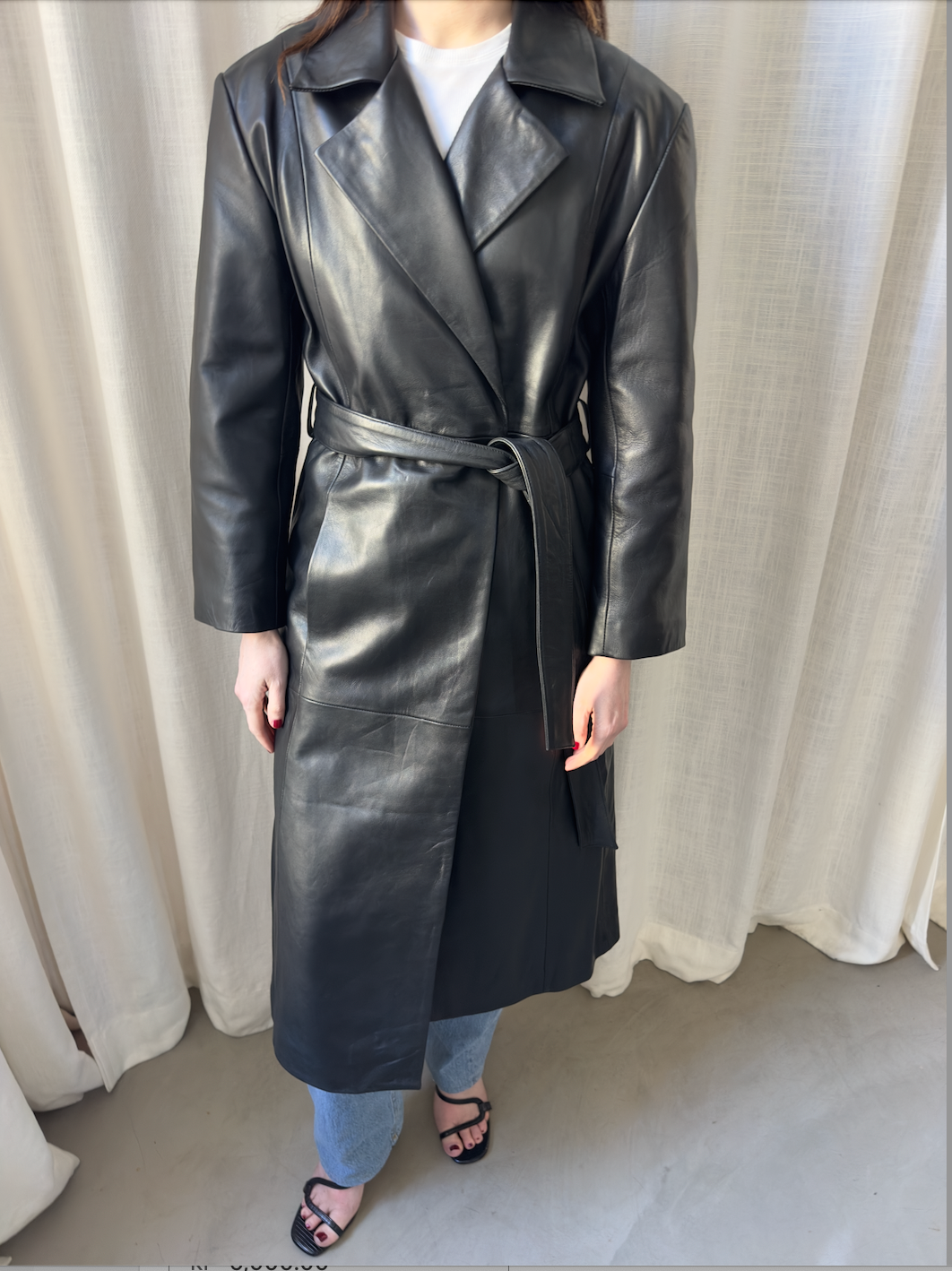 Black Leather Coat - Sample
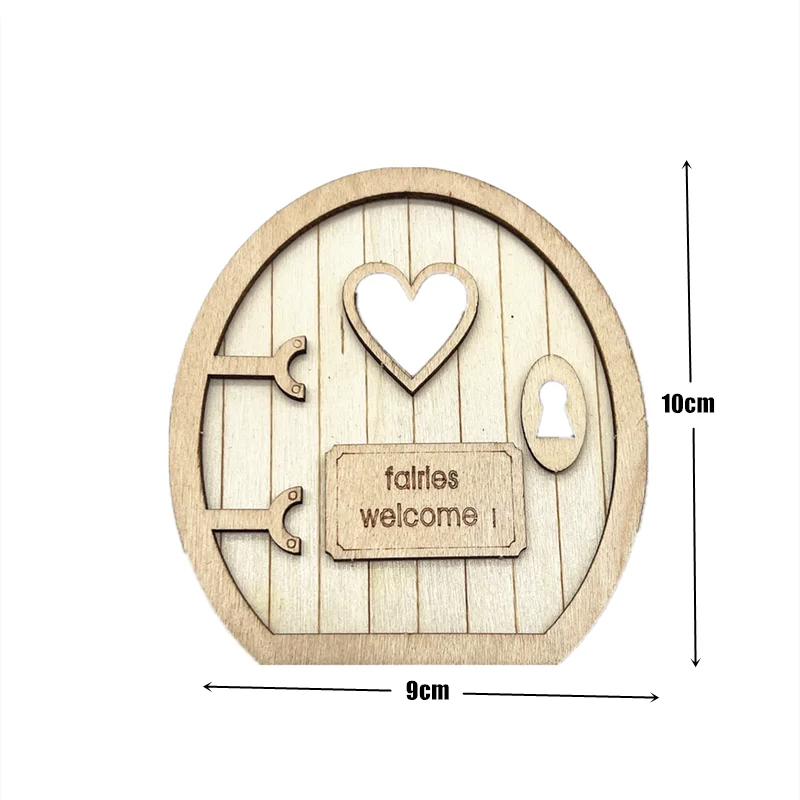 Wooden Fairy Door Decoration Miniature Home Dwarf Door Decoration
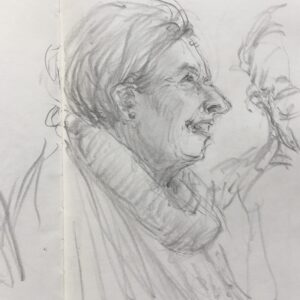 Joanna Quinn Instagram - Some more nosey parker drawings from my trusty spy sketchbook.

1. A bloke reading his paper - *still wearing his Christmas jumper.
2. More in the splendid nose series. A jolly woman with a magnificent nose. 
3. From last week a very animated @cameron_saint_ on his bass 
4. Cool pianist @loz_bridge reclining before going on stage
5. The lovely vocal tones of Jo Chow
6. An onlooker looking puzzled/displeased
7. Bloke at the next table chatting to the woman with magnificent nose (2)
8. The talented Trombonist & announcer @tiggy.blackwell 
9. Ace Saxophonist and band leader @rhysdarooster first time on stage.
10. Keen drummer @zac.jsn - also first time on stage!
#amserjazztime #jazzstudents #fridaynightsketching #superspy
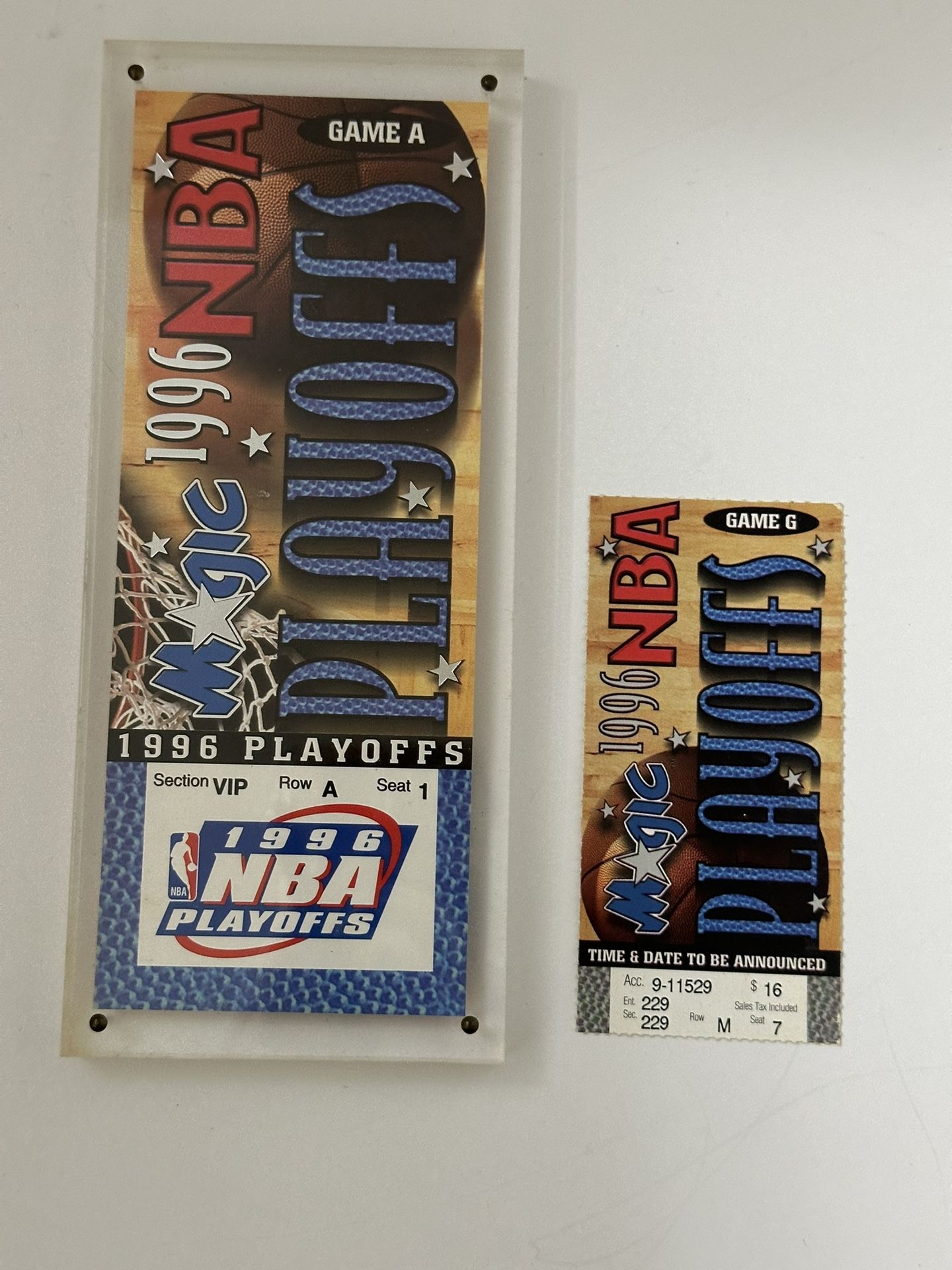 NBA Magic ~ 1996 Playoff Ticket ~ Protected ~ Mint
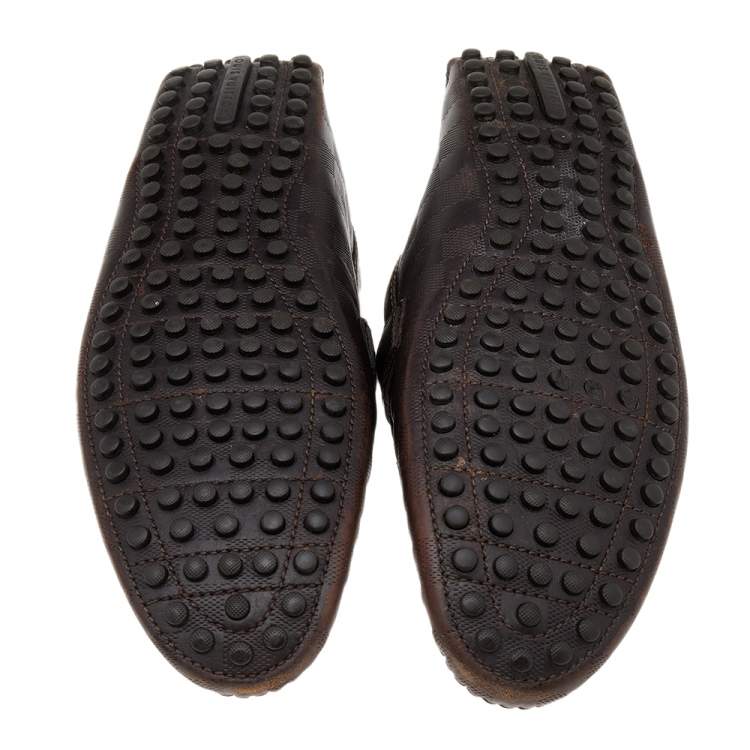 Pre Owned Louis Vuitton Dark Brown Damier Embossed Leather Hockenheim Slip On Loafers Size 43.5
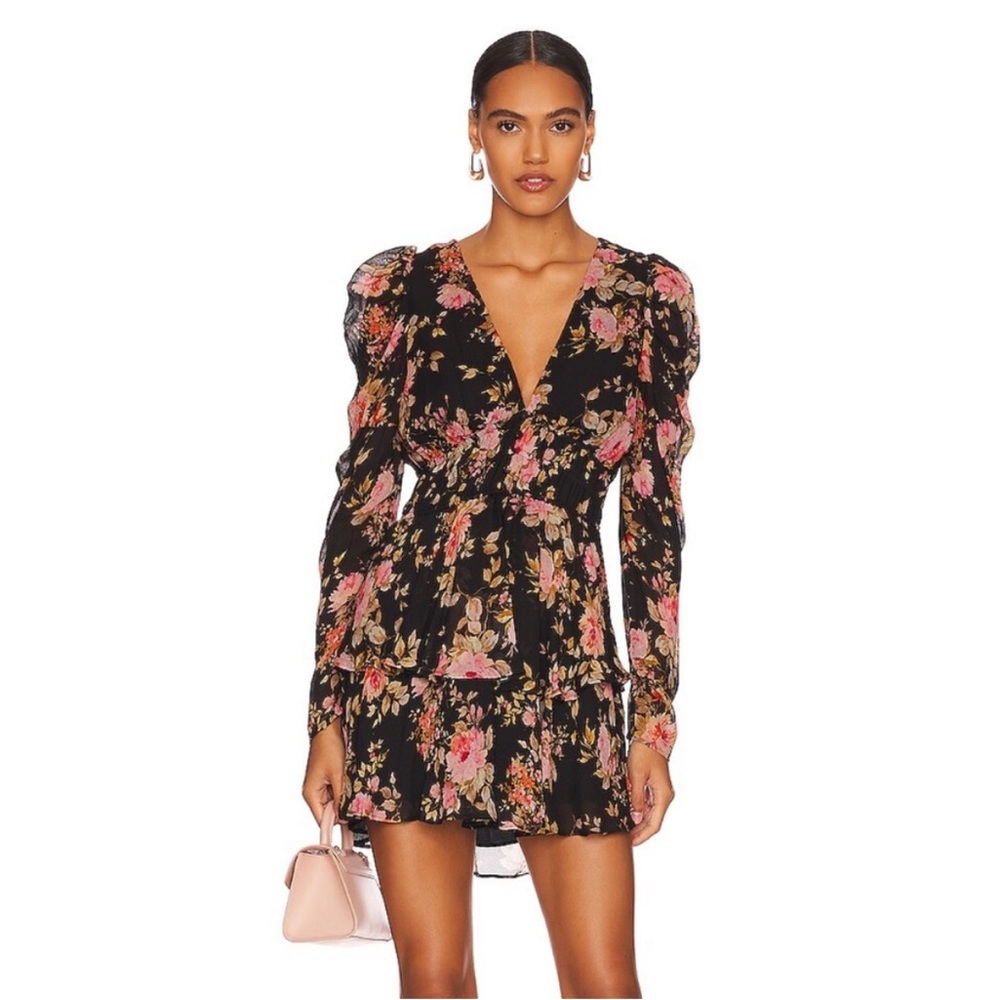 Yumi Kim Samba Ruffle Dress in Flirty Floral Black - Picture 4 of 12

━━━━━━━━

PROBLEM TO WORK ON:
Give the number of lines in the entries above that include the word "stage", and nothing more.

RESULT OF THIS TASK:
3